Three cheers for Southwest Airlines!
The no-frills carrier did what no other airline had the courage to do: it stopped paying commissions on ticket sales made through the Internet, online services, cable networks, and other forms of consumer-direct electronic commerce.
Painful as it is may be, the Dallas airline’s decision was necessary for interactive travel, because it suggests there is a better way to sell tickets than through the antiquated, corruption-prone “agent commission” model.
Earlier moves by American Airlines, United Airlines, Northwest Airlines, KLM Royal Dutch Airlines, Continental Airlines, and Delta Air Lines to limit Internet commissions only confused the issue. By quietly imposing caps of $10 or more, they gave agents a false hope that the old system was salvageable.
It isn’t. Just ask George Newsom, president of now-defunct PCTravel, who shuttered his site after the latest round of online commission cuts. “I’m not sure that this is a business that is viable,” Newsom said after closing shop.
Southwest is picking up the baton of leadership from those who dropped it. Delta, the first carrier to cut agency commissions in 1995, probably fumbled the proverbial torch into Kevin Mitchell’s hands at Business Travel Contractors Corp., who was then leading the fight to overhaul the commission structure. Mitchell faded into obscurity and now Southwest is showing the way toward an uncertain future.
Hard to believe that Herb Kelleher’s maverick carrier, a constant thorn in the side of the CRSs, is setting the pace for the travel industry. But then again, for anyone who is familiar with Southwest, it shouldn’t come as a surprise. The legendary “www.iflyswa.com” site was one of the first, and some say is still the best, airline Web site. And an impressive half of the carrier’s tickets are electronic today, giving it the distinction of being the most paperless U.S. airline.
I think the best is yet to come from Love Field. Southwest has promised to maintain the traditional 10 percent commission structure through at least 2000 for bookings made by travel agents. I suspect that on Jan. 1, 2001, the carrier will be the first major airline to eliminate commissions entirely, ushering in a new era of travel distribution.

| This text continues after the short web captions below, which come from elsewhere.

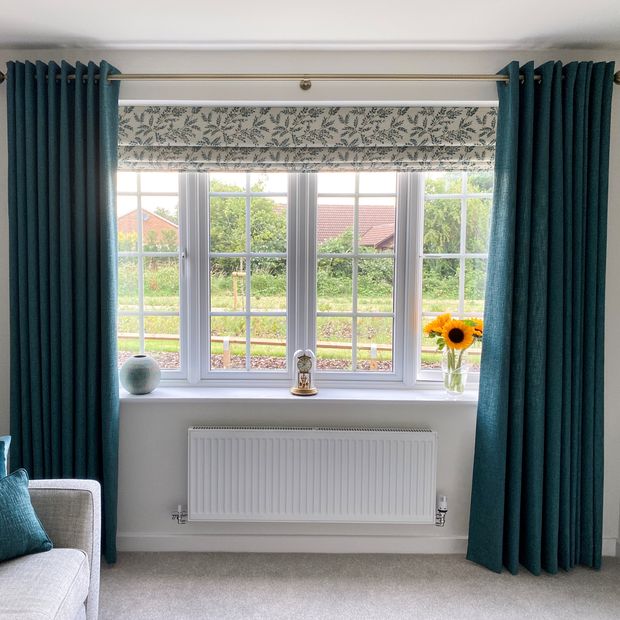 Delizia teal green Roman blinds paired with boheme teal curtains in living room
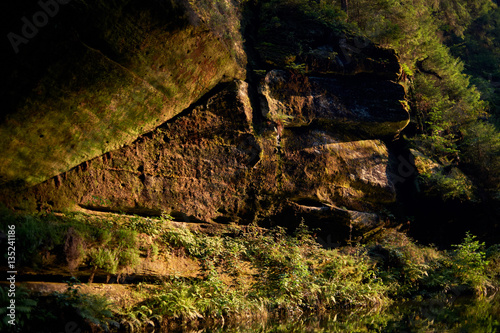 Mossed rocks in a beautiful sunset light
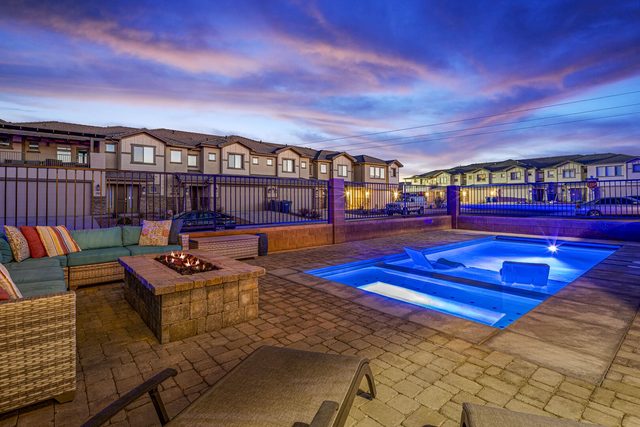 Private pool, fire table and lounge seating under sunset sky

Unless Southwest drops the baton – and I doubt it will – we should start asking ourselves what will replace the commission system. Is a fee-based order feasible? Not in the leisure market. American Express tested fees for some of its customers in 1995 and met a wall of resistance.
Maybe the industry will switch to a wholesale model, in which airlines sell a block of tickets to agencies at a fixed price and the agents then resell the tickets at a profit. It’s an approach that has worked in other businesses and, with the right incentives, could work for both real and virtual travel agencies.
Either way, there must be something better than what we’ve got now. Perhaps Southwest will show the way.
Christopher Elliott is the author of Scammed: How to Save Your Money and Find Better Service in a World of Schemes, Swindles, and Shady Deals. Critics have called it “eye-opening” and “inspiring” — it’ll “grab your attention and won’t let go.” Order your copy now on Amazon, Barnes & Noble or iTunes.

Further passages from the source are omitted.